## Goal of the exercise:
In the material below, find the line with "Tazza con citazione" and the line with "Success isn't just", then output those two lines and every line between them, exactly.

:: Data provided ::

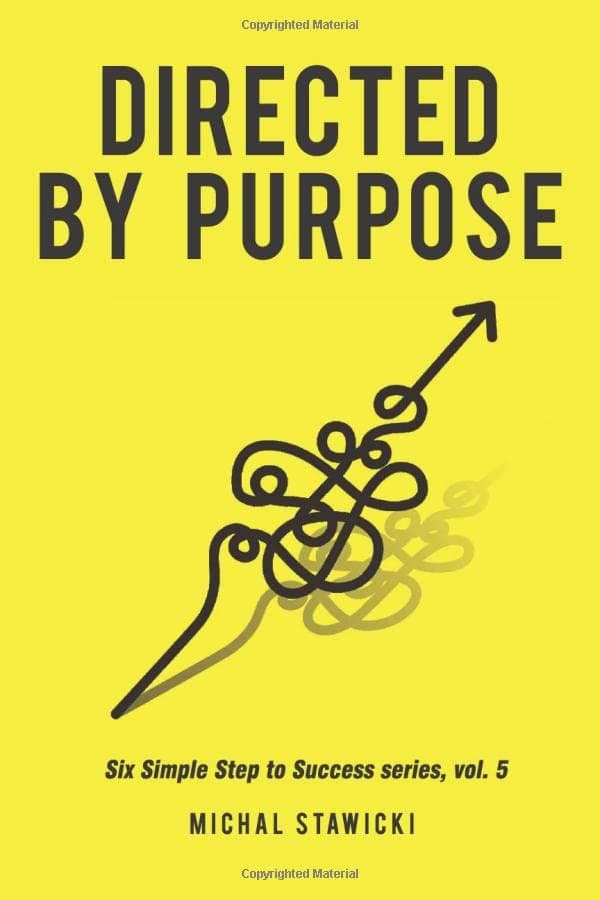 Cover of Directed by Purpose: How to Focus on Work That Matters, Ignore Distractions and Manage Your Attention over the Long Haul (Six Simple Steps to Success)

:::
:: Data provided ::

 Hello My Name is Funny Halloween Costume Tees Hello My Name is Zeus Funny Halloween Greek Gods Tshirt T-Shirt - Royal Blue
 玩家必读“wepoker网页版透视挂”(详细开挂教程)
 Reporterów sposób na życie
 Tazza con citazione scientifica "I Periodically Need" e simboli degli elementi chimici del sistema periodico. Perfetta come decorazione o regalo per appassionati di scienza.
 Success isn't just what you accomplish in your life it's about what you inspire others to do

:::

## Problem solution:
 Tazza con citazione scientifica "I Periodically Need" e simboli degli elementi chimici del sistema periodico. Perfetta come decorazione o regalo per appassionati di scienza.
 Success isn't just what you accomplish in your life it's about what you inspire others to do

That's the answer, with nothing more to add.